Poche rose e molte spine per i leader politici in questo turbolento inizio d’anno. La premier Giorgia Meloni, dopo l’arresto del boss Messina Denaro, è accorsa a Palermo per congratularsi con i magistrati e le forze dell’ordine, rivendicando con orgoglio il ruolo dello Stato nella lotta alla mafia. Ma la sua soddisfazione è stata subito incrinata da un furibondo attacco del ministro della Giustizia Carlo Nordio ai magistrati, a cominciare da quelli dell’antimafia. Sono volate parole grosse con il Procuratore capo di Palermo, il magistrato che ha arrestato il super-boss. Al centro dello scontro le intercettazioni che il ministro vuole drasticamente limitare, mentre per i giudici sono essenziali contro il crimine organizzato: non basta consentirle per reati di mafia o di terrorismo, occorre usarle anche per tutti i reati “di appoggio”, come la corruzione o la concussione.
Stretta tra due fuochi, la presidente del Consiglio ha ottenuto la solidarietà del suo partito e della Lega (con Salvini molto prudente, forse pensando al processo in Sicilia per la nave Open Arms), mentre si sono schierati apertamente con il titolare della Giustizia Berlusconi e i Centristi (soprattutto i Renziani: il numero due, Rosato, è andato ad Hammamet, sulla tomba di Craxi, ricordando il conflitto del leader socialista con la Magistratura); la premier teme un asse Berlusconi-Renzi per indebolire il Governo. Il leader di Azione, Calenda, la rassicura, ma non può sfuggirgli che i Centristi rischiano di trovarsi alla destra dello schieramento politico.
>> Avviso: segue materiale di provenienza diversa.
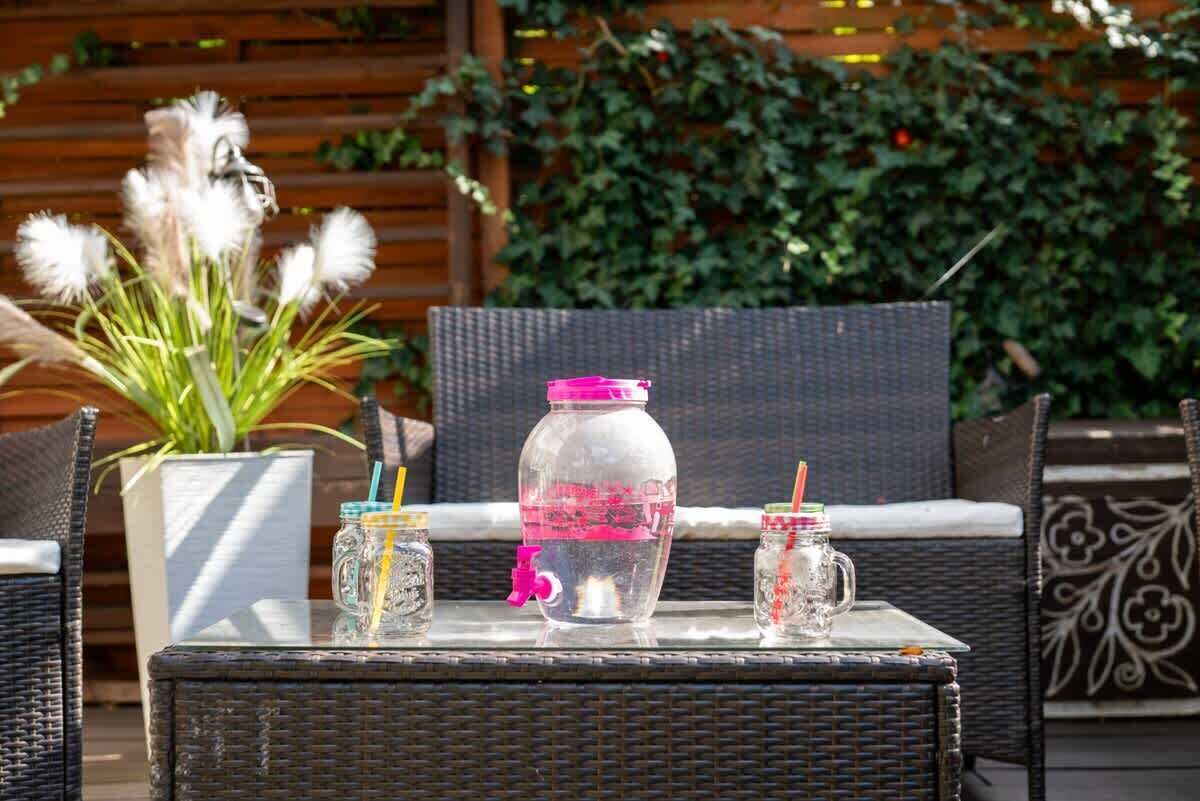 A wicker table with a glass jar and two small jars with straws, set outdoors with a wooden fence and greenery in the background.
Lo stesso Calenda ha poi un problema di rapporti con Renzi per i suoi impegni esteri di consulenza: lo vorrebbe più presente nelle aule parlamentari, ma l’ex presidente del Consiglio precisa che le sue attività sono tutte in linea con la legge (secondo la tabella pubblicata dal Corriere della Sera nel 2021 ha guadagnato oltre 2 milioni di euro).
Resta il nodo politico: i Centristi lavorano nella prospettiva di una nuova maggioranza, d’intesa con i Forzisti, o la loro azione è limitata al tema della Giustizia? E quali spazi di mediazione restano per la Meloni tra “garantismo” e tutela dell’autonomia dei giudici? Da Tangentopoli in poi la Destra è stata favorevole al partito delle procure, l’elettorato non capirebbe un cambio radicale.
Nel campo dell’opposizione il fatto più rilevante è l’approvazione della Carta dei valori del Pd: l’ultima fatica del segretario Letta, che ha continuato a mediare tra le correnti. La Carta, molto simile al programma elettorale, integra ma non sostituisce i patti fondativi del 2007 tra Ds e Margherita (come chiedevano i Popolari); è inoltre aperta, dopo le Primarie, a nuove integrazioni. Letta, che ha riaccolto nel Pd gli ex scissionisti di Articolo Uno (guidati da Bersani e Speranza) ha tuttavia subito una nuova delusione nella ricerca di unità perché la sinistra, che sostiene la verde-radicale Elly Schlein, ha rilanciato la richiesta di cambiare nome al partito, tra le proteste degli altri tre candidati alla segreteria (Bonaccini, Cuperlo e De Micheli).
Emerge una spaccatura verticale tra la probabile nuova segreteria (Bonaccini continua a guidare tutti i sondaggi), su una linea riformista, socialdemocratica, occidentale, e la tendenza a cambiare tutto, com’è avvenuto nel Partito Socialista francese che ha tagliato le radici storiche (ma i risultati elettorali sono deludenti: ad una cifra, come il Psi di De Martino negli anni Settanta). Su un punto Letta, che continuerà a militare nel Pd guardando alle Europee, ha ragione: le dispute interne al partito riducono lo spazio necessario per l’azione politica dell’opposizione.
Nel M5S, all’opposto, emerge la critica a Conte di trasformare il Movimento in un partito personale; per ora l’ex premier predilige i singoli temi: il reddito di cittadinanza, il bonus edilizio, la guerra russo-ucraina.
Dopo le regionali di Roma e Milano, tutte le opposizioni dovranno ripensare al loro ruolo, perché da sole non vanno molto lontano. A quattro mesi dal voto, mentre il Governo appare senza alternative, i partiti permangono in una situazione di crisi; questo potrebbe ostacolare la ripartenza del Paese: lo conferma lo sciopero dei benzinai (seppur parzialmente revocato) nato dai toni elettorali con cui alcune frange della maggioranza hanno gestito il rincaro della benzina.